The Tale of Transformation
In most places we visited on the Falkland Islands, we were the only humans within miles. It gave us a unique opportunity to sit near the penguin colonies, observe the daily lives of these unique creatures, and develop a connection to them. Here, we were the outsiders—guests in the world of natural beauty that, sadly, is disappearing.

The Rockhopper penguins, with their tufts of yellow and orange hair and bright red eyes, were perhaps the most endearing. They were also exceptionally curious. As my husband lay on the ground to photograph them at their level, a small group came closer and closer, tilting their heads to get a better look. One even nibbled on the phone with its beak before walking away.
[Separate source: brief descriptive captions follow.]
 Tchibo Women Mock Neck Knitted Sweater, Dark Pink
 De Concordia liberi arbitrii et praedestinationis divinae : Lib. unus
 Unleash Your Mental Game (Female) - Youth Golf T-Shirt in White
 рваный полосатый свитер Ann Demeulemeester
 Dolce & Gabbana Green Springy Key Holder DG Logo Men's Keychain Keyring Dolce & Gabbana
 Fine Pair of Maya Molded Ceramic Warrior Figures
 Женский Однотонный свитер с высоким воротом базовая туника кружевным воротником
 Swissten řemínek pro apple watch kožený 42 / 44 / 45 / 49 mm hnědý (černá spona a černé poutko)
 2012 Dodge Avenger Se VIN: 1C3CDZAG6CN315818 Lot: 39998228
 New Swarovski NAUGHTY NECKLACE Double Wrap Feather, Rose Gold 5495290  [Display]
We felt humbled and privileged to be allowed to commune with nature in such an intimate setting. It strengthened our commitment to protect the earth and its wildlife in every possible way.

—Submitted by Diana Russler

Photo by Paul Carroll

Photo by Paul Carroll

Do This Yourself
The remote land of the Falkland Islands—300 miles off the southern coast of Argentina—is still truly wild country, with less than 3,000 residents. It’s a place where intimate encounters with wildlife like this happen all the time. Bird life is especially common here, including the several different species of penguins—from kings to gentoos and magellanics to the endearing rockhoppers this writer experienced. You can see them in a few different places, such as Port Stephens, in West Falkland; the Long Gulch, on Bleaker Island; and the 80-acre Kidney Island—a trip that requires a guide and permit. Watch them stroll along beaches or cling to remote cliffs.

Of course, penguins aren’t the only creatures found here: whales, dolphins, seals, and sea lions are all here, as well as more than 200 species of bird. After a magical day of wildlife-spotting, you can retire to your cozy inn or explore the brightly colored wooden homes of the capital, Stanley.

Getting to the Falkland Islands isn’t super-easy, but it’s very doable: LATAM flies there from Santiago, Chile, and cruise ships run trips there as well.